Motte and Bailey Castle

Ellesmere Castle is a good example of an ‘motte and bailey’ type castle: the earliest type of earth and timber castles constructed by the Norman aristocracy after the Conquest of 1066. The ‘motte’, or castle mound, is a large circular earthwork, the top of which is now occupied by the bowling green. Originally, this is likely to have been higher and occupied by a large timber tower or ‘donjon’. This would have provided both a strong point and look-out post across the surrounding landscape and also the main domestic accommodation for the castle’s lord.

The castles ‘bailey’ is a roughly rectangular fortified enclosure which occupies the high ground immediately to the east of the motte. It would have been occupied by kitchen, stables and other lower status accommodation and ancillary buildings. There has been some suggestions that the St.

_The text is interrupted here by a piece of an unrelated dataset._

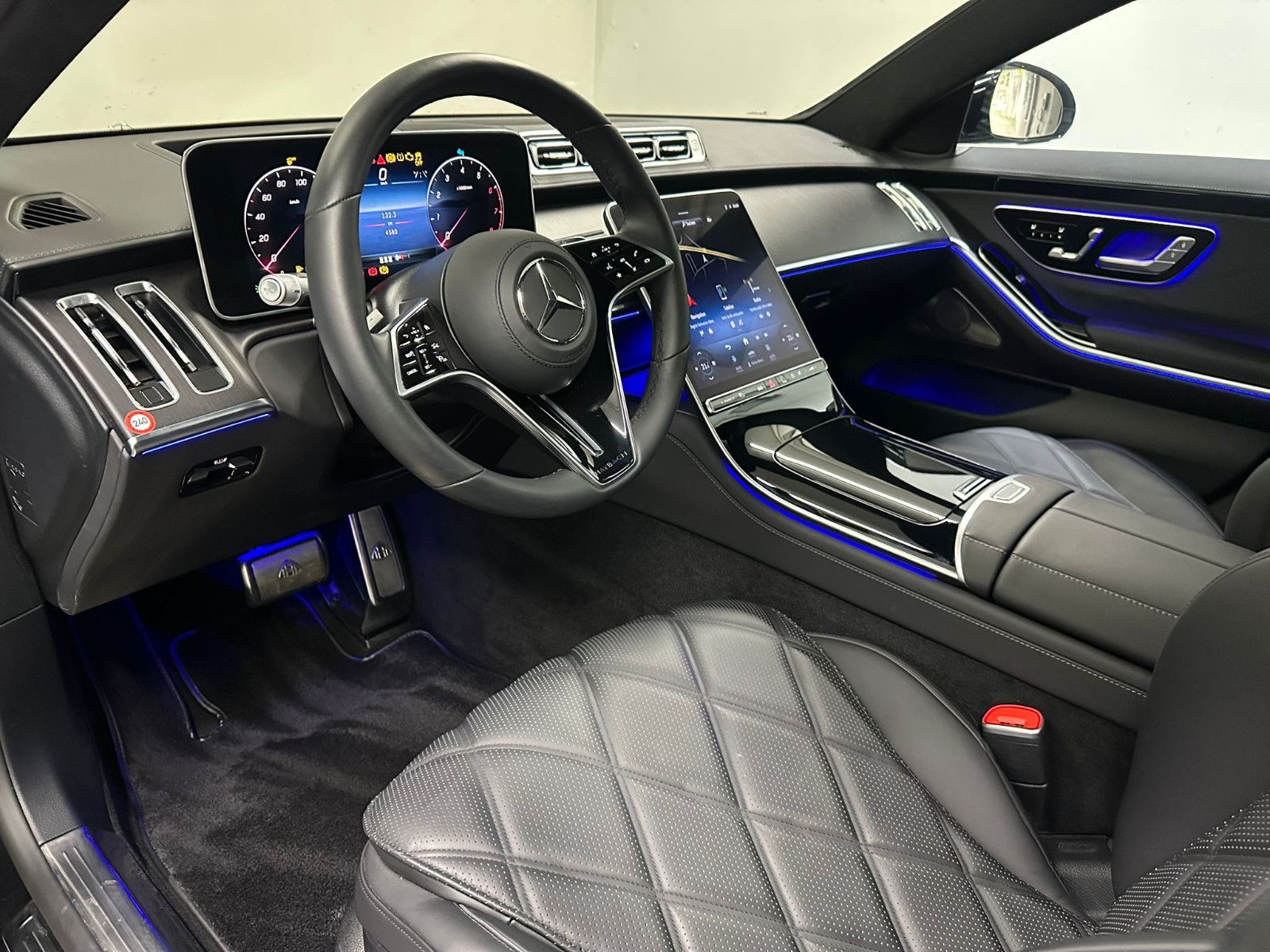 Fahrzeugabbildung Mercedes-Benz S 680 Maybach *PANORAMA*EXKLUSIV*Chaufferpaket*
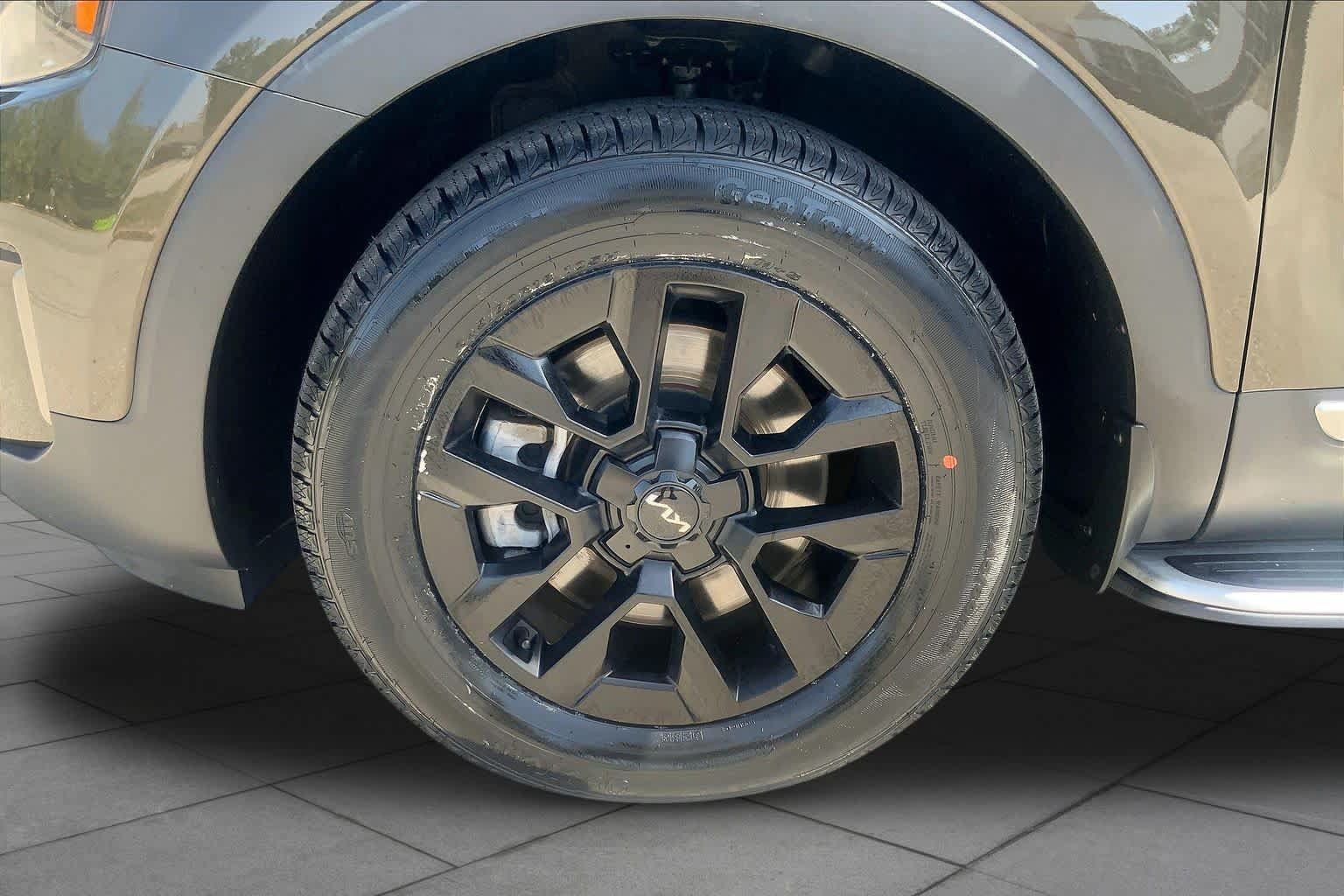 Used 2023 Kia Telluride SX Prestige X-Pro AWD/4WD image 10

Mary’s church may have been built within the second, larger bailey of the west side of the motte, although this has long since been engulfed by the town and has yet to be proven archaeologically.

The castle is understood to have been built by Roger de Montgomerie, 1st Earl of Shrewsbury, soon after 1086. Roger was one of the foremost Norman lords and a trusted lieutenant of William the Conqueror. However, his son Robert de Bellême rebelled against Henry I in 1101, after which the Crown confiscated his lands and castles, including Ellesmere. Henry continued to hold the castle until 1138 to William Peverel of Dover. In 1174 it was granted to a Welsh prince, Dafydd ab Owain, upon his marriage to Henry II’s sister, Emma. During the early and mid-13th century it passed in and out of royal control until it was granted to Hamo le Strange in 1263. It was then held by the le Strange’s, one of the foremost land owning families in northern Shropshire, until it passed by descent to the Stanleys, the Earls of Derby. It is not known when the castle was abounded but few, if any buildings, survived when the antiquarian John Leland visited in the 16th century, and the top of the motte has been in use as a bowling green since the 18th century.”